Despite more than 30 years of climate change negotiations, carbon dioxide concentrations in the atmosphere continue to rise as concomitantly do global average temperatures.

NOAA
Berkeley Earth

The increase in carbon dioxide emissions in 2024 was the highest single-year record and last year was also the warmest in the instrumental record.

American Enterprise Institute senior science and technology fellow Roger Pielke Jr. points out that in the Global Mutirão decision, the United Nations climate change negotiators are taking unwarranted credit for lower projected temperatures in 2100.
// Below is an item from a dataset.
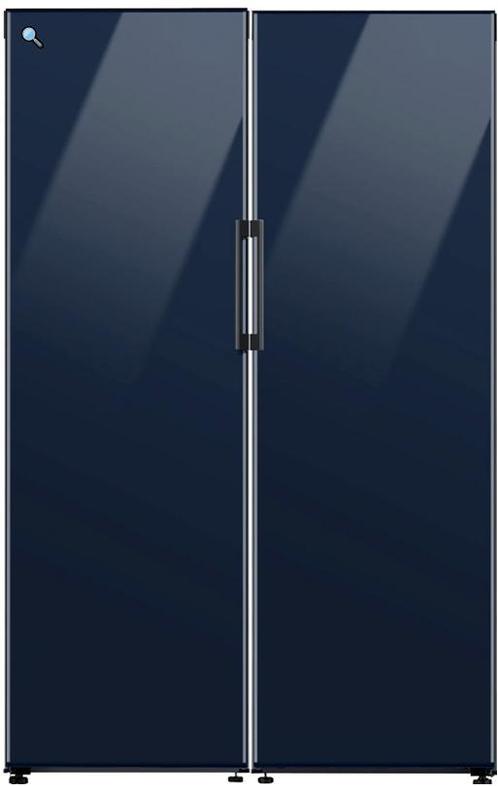samsung setje koelkast+vriezer Nieuw, Witgoed en Apparatuur, Koelkasten en IJskasten, 200 liter of meer, Nieuw, Met aparte vriezer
In their "celebration of the 10-year anniversary of the Paris Agreement," the negotiators claim that "significant collective progress towards the Paris Agreement temperature goal has been made, from an expected global temperature increase of more than 4 °C according to some projections prior to the adoption of the Agreement to an increase in the range of 2.3–2.5 °C and a bending of the emission curve based on the full implementation of the latest nationally determined contributions."

In support of this alleged achievement, the UNFCCC secretariat supplied this illustration.

UNFCCC

The "before" trend in the chart is based on worst-case greenhouse gas emissions scenarios that have long been known to be highly implausible, not least because they projected that the world would be burning six times more coal by 2100 than now.

"The differences between the two forecasts reflect the simple fact that the red cone represents erroneous projections, while the blue cone represents a more updated understanding of where we are headed," explains Pielke over at his Substack. "The story here is that extreme emissions projections were well off track, and real-world data pointed to a much more moderate future. Spinning that course correction as the result of policy success is not supported by the evidence."

In fact, Pielke and his colleagues, using more plausible emissions scenarios, projected in 2022 that global average temperatures would rise above the preindustrial baseline (1850-1900) to "between 2 °C and 3 °C of warming by 2100, with a median of 2.2 °C." In its COP30 Global Mutirão Decision, the U.N. climate change negotiators now basically agree with the projections made by Pielke and his colleagues.

"Even though projections of future climate change have moderated considerably in recent years," correctly observes Pielke, "the human influence on climate remains real and poses risks to our collective future." More than 30 years on, U.N. climate change negotiations have not done much to ameliorate those risks.